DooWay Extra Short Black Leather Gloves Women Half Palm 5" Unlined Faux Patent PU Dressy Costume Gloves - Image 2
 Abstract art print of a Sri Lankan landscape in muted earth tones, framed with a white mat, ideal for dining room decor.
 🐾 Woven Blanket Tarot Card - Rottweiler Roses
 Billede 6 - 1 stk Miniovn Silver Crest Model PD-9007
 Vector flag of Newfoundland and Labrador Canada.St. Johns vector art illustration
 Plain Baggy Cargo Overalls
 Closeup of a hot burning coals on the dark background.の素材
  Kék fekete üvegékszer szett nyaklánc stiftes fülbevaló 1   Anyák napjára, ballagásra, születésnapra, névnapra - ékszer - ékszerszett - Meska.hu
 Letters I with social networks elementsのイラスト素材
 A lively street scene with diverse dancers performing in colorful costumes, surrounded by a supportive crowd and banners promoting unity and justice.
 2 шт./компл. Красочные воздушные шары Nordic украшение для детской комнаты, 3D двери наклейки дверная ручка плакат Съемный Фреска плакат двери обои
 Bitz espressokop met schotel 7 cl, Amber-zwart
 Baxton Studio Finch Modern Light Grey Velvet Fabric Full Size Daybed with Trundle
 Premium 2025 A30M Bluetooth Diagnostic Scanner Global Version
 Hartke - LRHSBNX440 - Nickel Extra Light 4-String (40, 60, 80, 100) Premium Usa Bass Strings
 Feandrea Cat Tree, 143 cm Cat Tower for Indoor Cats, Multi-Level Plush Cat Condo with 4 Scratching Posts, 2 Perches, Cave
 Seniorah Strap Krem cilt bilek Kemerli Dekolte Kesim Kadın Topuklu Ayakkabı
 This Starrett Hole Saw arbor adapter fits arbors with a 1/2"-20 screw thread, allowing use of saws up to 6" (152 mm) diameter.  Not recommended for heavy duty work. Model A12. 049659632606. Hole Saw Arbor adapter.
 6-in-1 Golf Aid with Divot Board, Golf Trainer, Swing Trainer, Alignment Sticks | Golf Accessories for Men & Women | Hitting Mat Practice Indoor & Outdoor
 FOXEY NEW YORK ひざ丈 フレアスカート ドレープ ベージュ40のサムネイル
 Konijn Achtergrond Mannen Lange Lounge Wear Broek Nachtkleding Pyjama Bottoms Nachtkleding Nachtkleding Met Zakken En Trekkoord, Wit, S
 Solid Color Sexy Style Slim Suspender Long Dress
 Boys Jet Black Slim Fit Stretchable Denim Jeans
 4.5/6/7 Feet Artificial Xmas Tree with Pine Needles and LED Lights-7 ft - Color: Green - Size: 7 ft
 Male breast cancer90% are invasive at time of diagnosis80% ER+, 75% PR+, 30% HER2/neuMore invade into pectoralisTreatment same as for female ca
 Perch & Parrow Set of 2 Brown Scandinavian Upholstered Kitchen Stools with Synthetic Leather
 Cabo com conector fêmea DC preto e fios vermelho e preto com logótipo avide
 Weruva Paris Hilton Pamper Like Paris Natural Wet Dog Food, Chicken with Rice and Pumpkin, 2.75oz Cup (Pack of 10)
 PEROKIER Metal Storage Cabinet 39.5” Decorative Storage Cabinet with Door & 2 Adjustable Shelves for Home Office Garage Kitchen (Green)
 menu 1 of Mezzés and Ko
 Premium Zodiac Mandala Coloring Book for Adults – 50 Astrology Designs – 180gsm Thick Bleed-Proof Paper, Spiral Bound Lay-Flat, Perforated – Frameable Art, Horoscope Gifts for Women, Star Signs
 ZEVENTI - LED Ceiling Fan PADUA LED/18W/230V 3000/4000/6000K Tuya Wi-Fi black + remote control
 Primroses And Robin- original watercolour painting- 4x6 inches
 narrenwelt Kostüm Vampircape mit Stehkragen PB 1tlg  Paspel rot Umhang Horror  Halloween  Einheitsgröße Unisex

..............................

Wherever "Premium" appears in a line of the entries, copy that line.

◆ **Response to the task**:
 Premium 2025 A30M Bluetooth Diagnostic Scanner Global Version
 Hartke - LRHSBNX440 - Nickel Extra Light 4-String (40, 60, 80, 100) Premium Usa Bass Strings
 Premium Zodiac Mandala Coloring Book for Adults – 50 Astrology Designs – 180gsm Thick Bleed-Proof Paper, Spiral Bound Lay-Flat, Perforated – Frameable Art, Horoscope Gifts for Women, Star Signs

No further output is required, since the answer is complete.